(EXERCISE MATERIAL Opens)

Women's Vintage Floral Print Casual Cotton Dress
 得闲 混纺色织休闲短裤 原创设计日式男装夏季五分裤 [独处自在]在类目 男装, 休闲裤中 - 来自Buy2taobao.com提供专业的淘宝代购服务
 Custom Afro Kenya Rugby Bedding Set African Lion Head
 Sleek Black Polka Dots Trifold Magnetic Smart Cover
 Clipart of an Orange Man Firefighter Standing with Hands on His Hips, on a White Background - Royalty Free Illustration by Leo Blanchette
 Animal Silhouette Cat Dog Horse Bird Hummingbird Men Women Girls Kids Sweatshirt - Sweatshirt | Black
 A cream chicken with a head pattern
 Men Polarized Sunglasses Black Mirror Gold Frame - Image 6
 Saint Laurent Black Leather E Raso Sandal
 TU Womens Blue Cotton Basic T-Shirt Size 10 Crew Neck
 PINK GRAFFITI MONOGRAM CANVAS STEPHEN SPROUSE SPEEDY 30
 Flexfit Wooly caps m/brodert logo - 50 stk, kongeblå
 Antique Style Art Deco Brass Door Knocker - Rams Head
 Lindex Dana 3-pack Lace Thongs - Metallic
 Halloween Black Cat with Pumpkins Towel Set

(EXERCISE MATERIAL Closes)

PROBLEM: Count the lines in these records that hold the string "Black". Only the number is wanted.

EXPECTED ANSWER: 5